I arrived early on a brisk autumn evening in 2016, scheduled as the first of four choreographers, each holding a fifteen-minute tech rehearsal. With less than ten minutes until my rehearsal, I knocked on the closed door and waited perpetually-long seconds until a disgruntled woman demanded, “Who is it?!”

Startled, yet respectful, I replied, “Hello there. I am Anthony Rosado, a choreographer presenting work tonight.”

She cracked the door slightly ajar and flung her head out insisting, “Tech doesn’t start for another seven minutes.” She shut the door.

Honey, the intake of breath that I filled my lungs with not to meet this person where she met me…

So, I sat a couple of steps up the staircase adjacent to the studio door.
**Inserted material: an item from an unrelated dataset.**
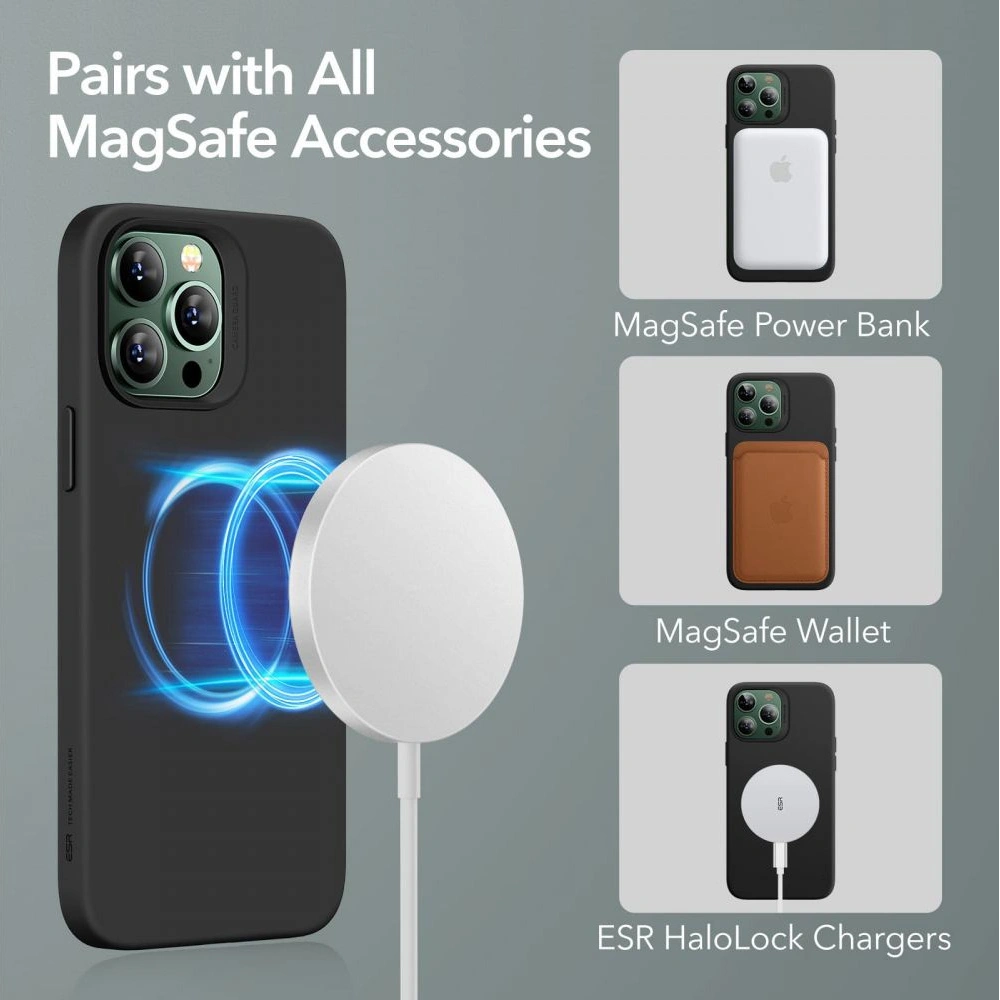 Wholesale ESR Cloud MagSafe Apple iPhone 13 Pro Black - ESR395BLK - {ean13} - Hurt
I figured, while I waited to get in, I could develop a structure for improvisation. Moments later, a woman—also white—and her five year-young son knocked on the door. The door was soon opened by the same greeter, whose eyes sparkled once she saw the new arrivals. The boy’s mother was another choreographer. She was politely asked to wait five minutes. Her kind son waved at me with two excited hands, one holding his action figure, and then his mother registered my presence. We waited.

Once the clock struck, I tensely sauntered into the room and began rehearsing my improvisational skeleton. For two minutes, I was bombarded with a cacophony of whispered gossip and the boy playing on metal seats, which creaked sporadically in response. Twice, I asked them to respect my need for silence, only getting mere seconds of peace. Ironically, only the boy respected my request and existence. I was invisible. After ten wasted minutes, I didn’t have any desire to give these people my body’s expression.

Finally, the series facilitator waltzed in. She greeted the other choreographers and everyone else, as they continued their mini-conversations.

Veiled behind my light-brown skin, I nixed my skeleton and invented an activity called “Standing In My Truth.”2 With my fifteen minutes up, I introduced myself to the facilitator and constructed my questions until show time. The audience was encouraged to stand if they attested to a statement I made and then sit. Each direction began with, “Stand if you…” The statements ranged from “…were born and raised in New York City,” “…own property in NYC,” and “…have faced a housing crisis in NYC” to “…have ever called the police,” “…feel safe around police,” and “…have a family member who was or is incarcerated.”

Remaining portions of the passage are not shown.